- EXERCISE DESCRIPTION -
When writing out the entries below, keep only the lines from the line with "Photo of Airman working with metal." to the line with "MANUCURIST Active Shine", both included, exactly as they are, and leave the pictures aside.

- DATASET -
________________________________________

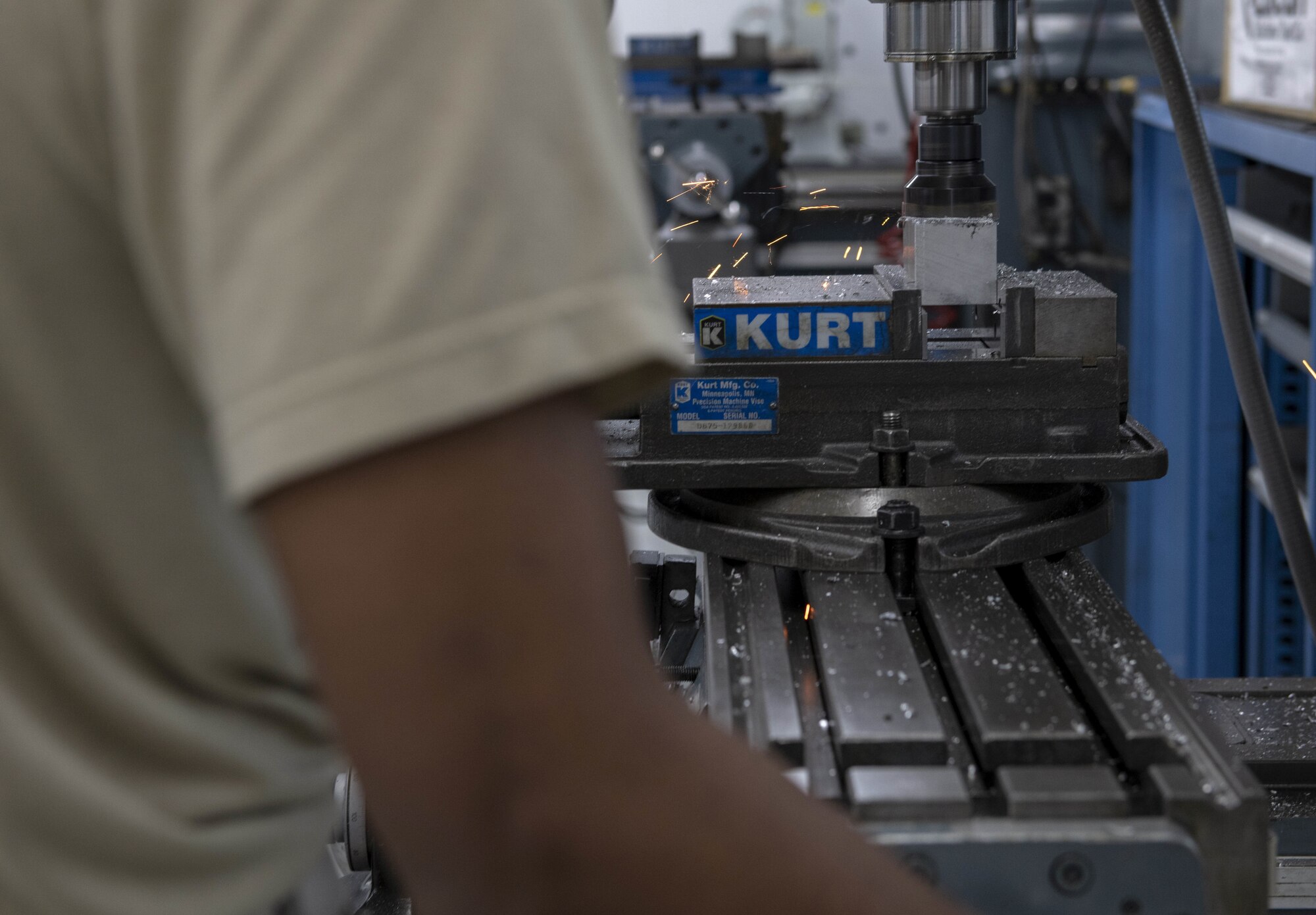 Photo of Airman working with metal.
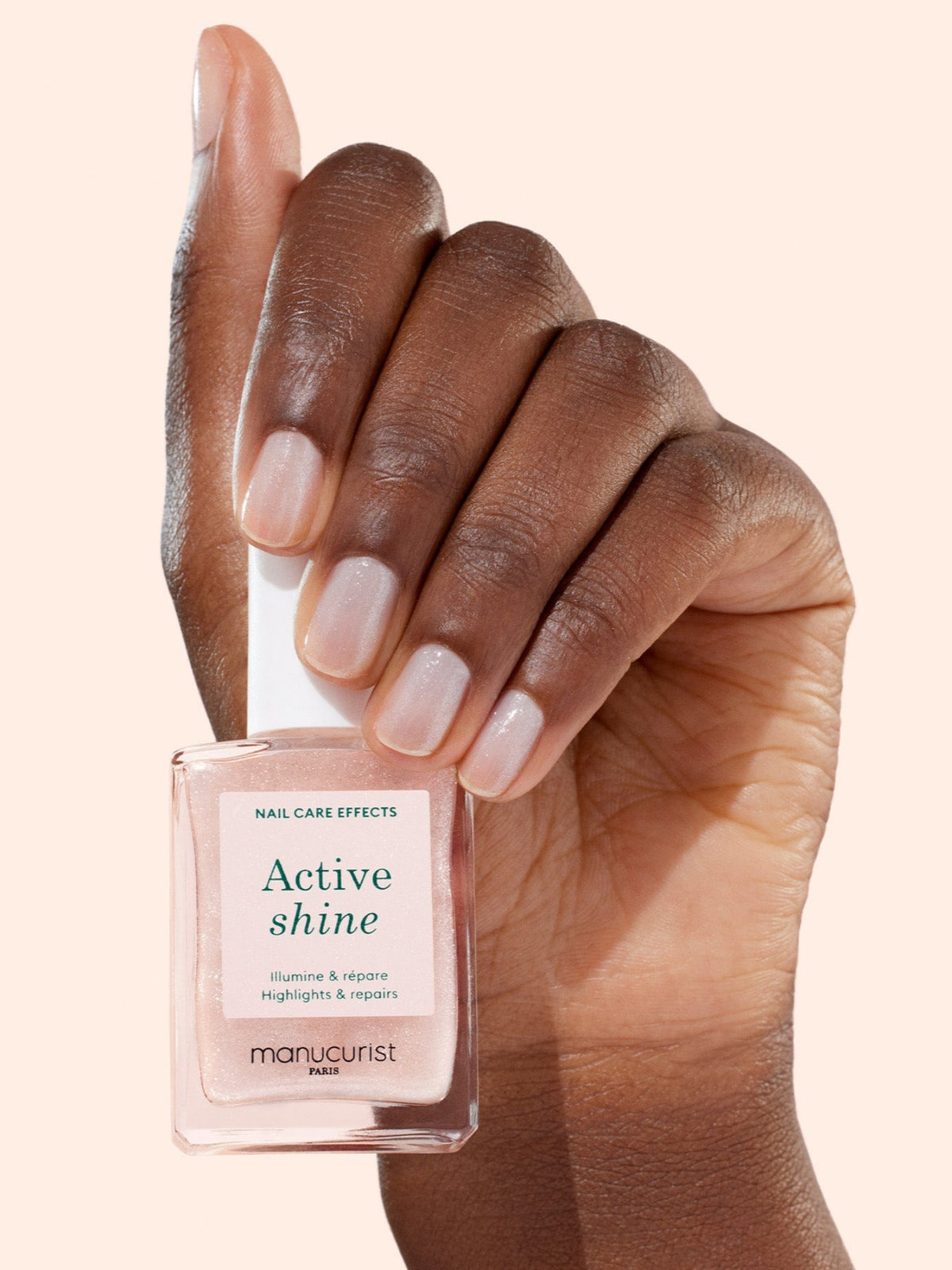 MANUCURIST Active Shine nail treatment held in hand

________________________________________

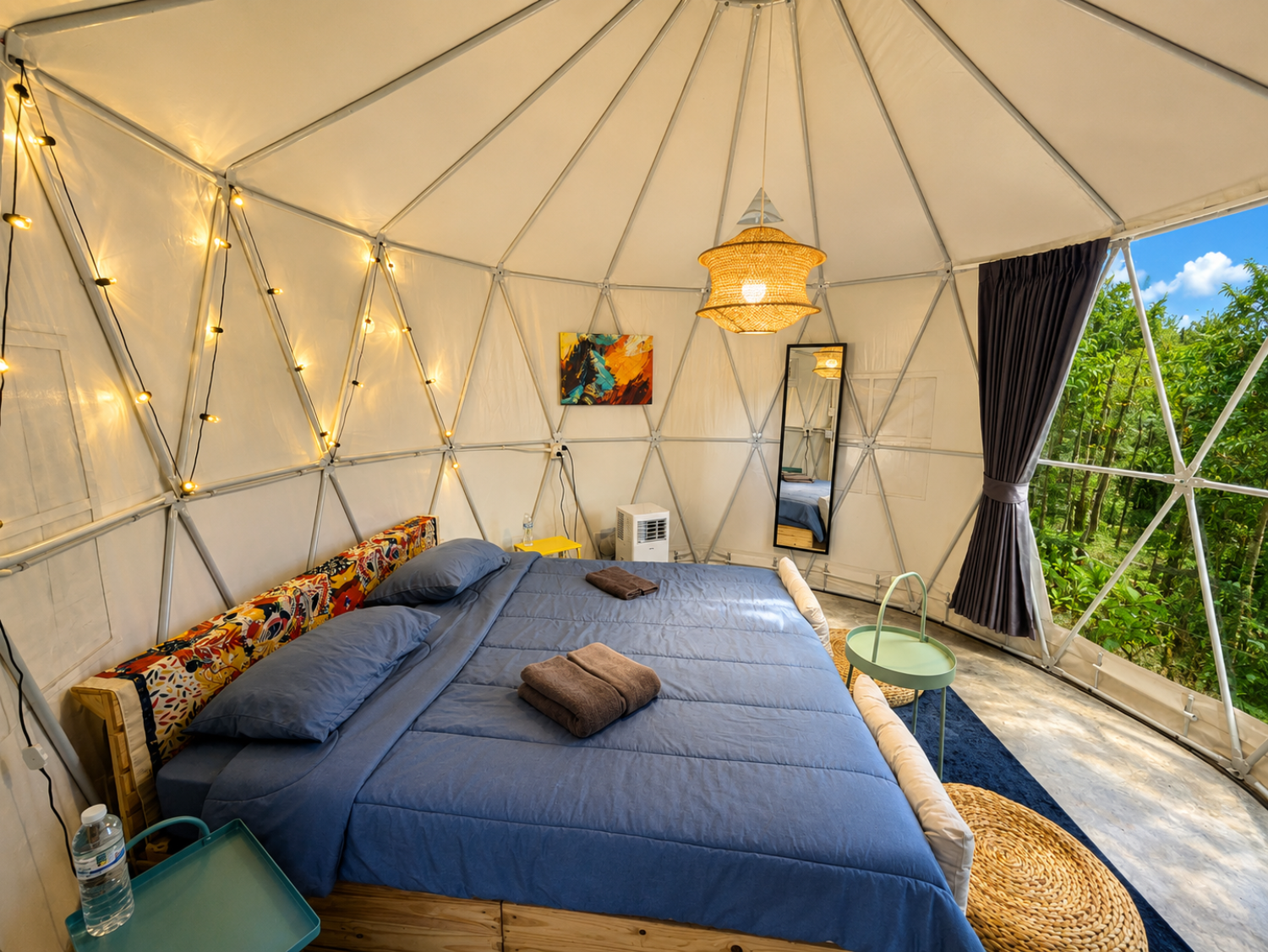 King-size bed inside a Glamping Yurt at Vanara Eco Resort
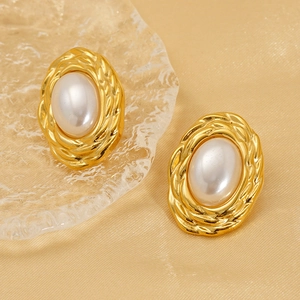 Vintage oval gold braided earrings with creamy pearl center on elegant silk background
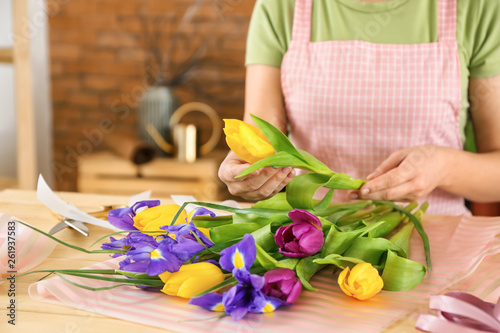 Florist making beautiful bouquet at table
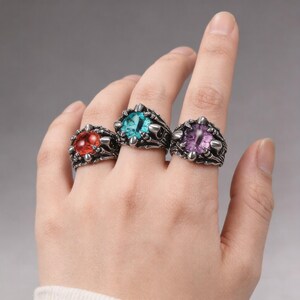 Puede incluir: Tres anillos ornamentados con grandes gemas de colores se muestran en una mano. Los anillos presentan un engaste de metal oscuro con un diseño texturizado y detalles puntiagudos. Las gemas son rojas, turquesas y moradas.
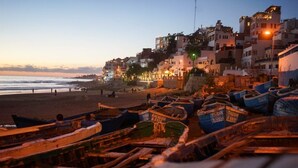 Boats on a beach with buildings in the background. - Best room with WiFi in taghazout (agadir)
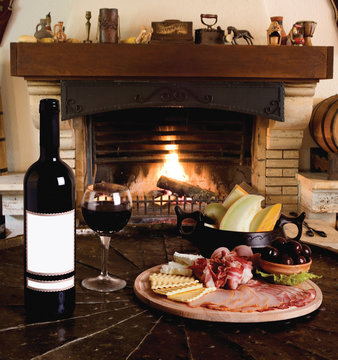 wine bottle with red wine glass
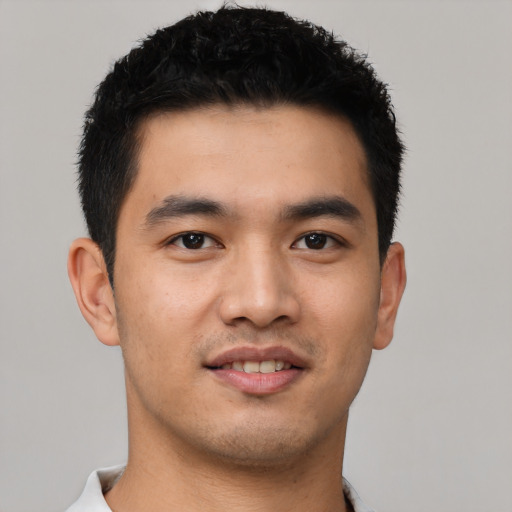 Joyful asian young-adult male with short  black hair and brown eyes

________________________________________

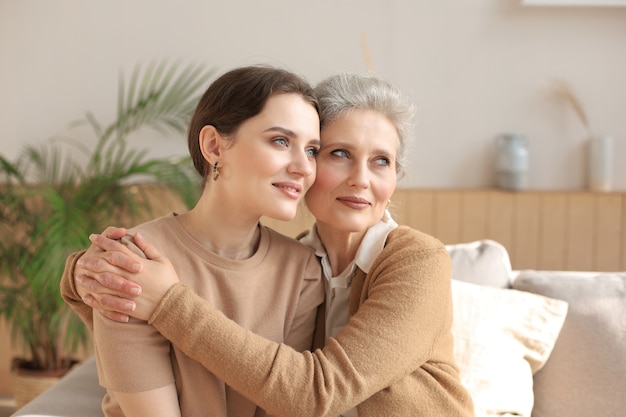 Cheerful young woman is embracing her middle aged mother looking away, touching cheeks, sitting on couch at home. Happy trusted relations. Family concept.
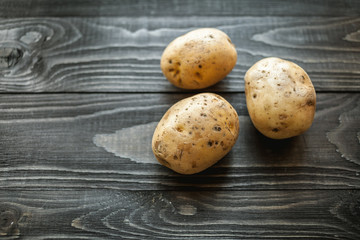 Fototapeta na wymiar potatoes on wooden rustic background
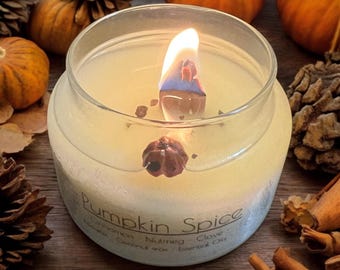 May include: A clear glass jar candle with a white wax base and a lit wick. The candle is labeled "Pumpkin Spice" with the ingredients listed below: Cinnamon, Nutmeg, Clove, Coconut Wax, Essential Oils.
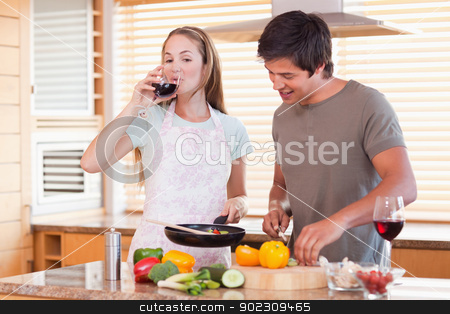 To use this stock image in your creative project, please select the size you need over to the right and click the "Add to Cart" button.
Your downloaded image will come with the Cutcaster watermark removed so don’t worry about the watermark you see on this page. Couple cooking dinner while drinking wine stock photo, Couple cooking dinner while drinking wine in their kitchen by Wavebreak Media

________________________________________

- RESPONSE -
 Photo of Airman working with metal.
 MANUCURIST Active Shine nail treatment held in hand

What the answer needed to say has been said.